Need help with spilting
Has anyone successfully split CXDuncan's MADLAD quantized ONNX models (CXDuncan/madlad400-3b-mt-optimized-quantized-onnx) into components like MADLAD_embed.onnx (embeddings+LM head) and MADLAD_cache_initializer.onnx
Attempts to split using standard onnx library tools fail with No Op registered for SimplifiedLayerNormalization with domain_version of 13. Does anyone know how to handle this operator or have compatible split components?
I'm not sure you'll be able to.

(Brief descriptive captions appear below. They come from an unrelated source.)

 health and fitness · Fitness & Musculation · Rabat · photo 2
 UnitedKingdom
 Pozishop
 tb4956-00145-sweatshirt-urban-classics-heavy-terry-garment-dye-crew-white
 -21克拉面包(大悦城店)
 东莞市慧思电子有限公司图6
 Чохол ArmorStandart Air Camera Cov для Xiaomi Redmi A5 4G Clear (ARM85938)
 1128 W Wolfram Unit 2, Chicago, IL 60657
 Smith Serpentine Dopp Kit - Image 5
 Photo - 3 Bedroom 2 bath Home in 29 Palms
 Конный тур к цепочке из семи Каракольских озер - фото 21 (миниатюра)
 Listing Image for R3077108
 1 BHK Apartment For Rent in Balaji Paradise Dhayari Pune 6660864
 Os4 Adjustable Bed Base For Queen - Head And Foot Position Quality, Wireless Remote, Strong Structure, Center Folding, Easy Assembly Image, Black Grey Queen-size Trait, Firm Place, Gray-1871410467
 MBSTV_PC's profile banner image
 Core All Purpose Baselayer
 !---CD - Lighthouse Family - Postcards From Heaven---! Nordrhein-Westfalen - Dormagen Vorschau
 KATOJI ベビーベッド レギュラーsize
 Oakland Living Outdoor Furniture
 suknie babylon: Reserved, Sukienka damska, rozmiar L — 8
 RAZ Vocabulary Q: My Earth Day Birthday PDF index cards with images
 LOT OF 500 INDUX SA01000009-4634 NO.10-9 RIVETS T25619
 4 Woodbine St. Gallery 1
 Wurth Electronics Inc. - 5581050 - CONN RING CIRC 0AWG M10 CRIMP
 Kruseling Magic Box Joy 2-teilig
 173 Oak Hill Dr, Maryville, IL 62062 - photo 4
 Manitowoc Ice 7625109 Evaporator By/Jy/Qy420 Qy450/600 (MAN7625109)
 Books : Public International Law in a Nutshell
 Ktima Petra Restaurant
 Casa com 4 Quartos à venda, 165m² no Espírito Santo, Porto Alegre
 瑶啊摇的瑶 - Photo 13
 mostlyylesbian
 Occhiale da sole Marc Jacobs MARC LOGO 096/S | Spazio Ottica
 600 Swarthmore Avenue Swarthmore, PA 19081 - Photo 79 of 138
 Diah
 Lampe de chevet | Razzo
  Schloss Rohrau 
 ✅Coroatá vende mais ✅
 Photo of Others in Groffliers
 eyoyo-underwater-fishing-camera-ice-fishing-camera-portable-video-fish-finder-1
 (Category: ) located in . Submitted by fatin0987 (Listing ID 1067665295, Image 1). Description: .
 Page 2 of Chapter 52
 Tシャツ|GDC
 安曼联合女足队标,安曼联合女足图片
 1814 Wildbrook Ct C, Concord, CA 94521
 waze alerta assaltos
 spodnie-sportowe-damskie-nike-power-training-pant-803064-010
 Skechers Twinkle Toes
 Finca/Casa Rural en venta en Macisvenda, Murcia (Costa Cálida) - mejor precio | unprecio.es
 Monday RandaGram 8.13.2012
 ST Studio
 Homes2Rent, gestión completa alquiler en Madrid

This was created with a painful day of trial and error to see if I could get anything working:
mkdir optimized-onnx/
optimum-cli export onnx --model google/madlad400-3b-mt --optimize O2 optimized-onnx/
mkdir optim-quan-onnx
optimum-cli onnxruntime quantize --onnx_model optimized-onnx/ --avx512 -o optim-quan-onnx/
on e2-highmem-16 (16 vCPUs, 128 GB memory)
you might have to take a different approach.
Thanks for replying. Yeah I tried actually but the process was compute rich and I don't have much hardware resources to make it work. I am building a real time translation service and this is the only step I am stuck at. Anyone in the team or in your known can help me with this?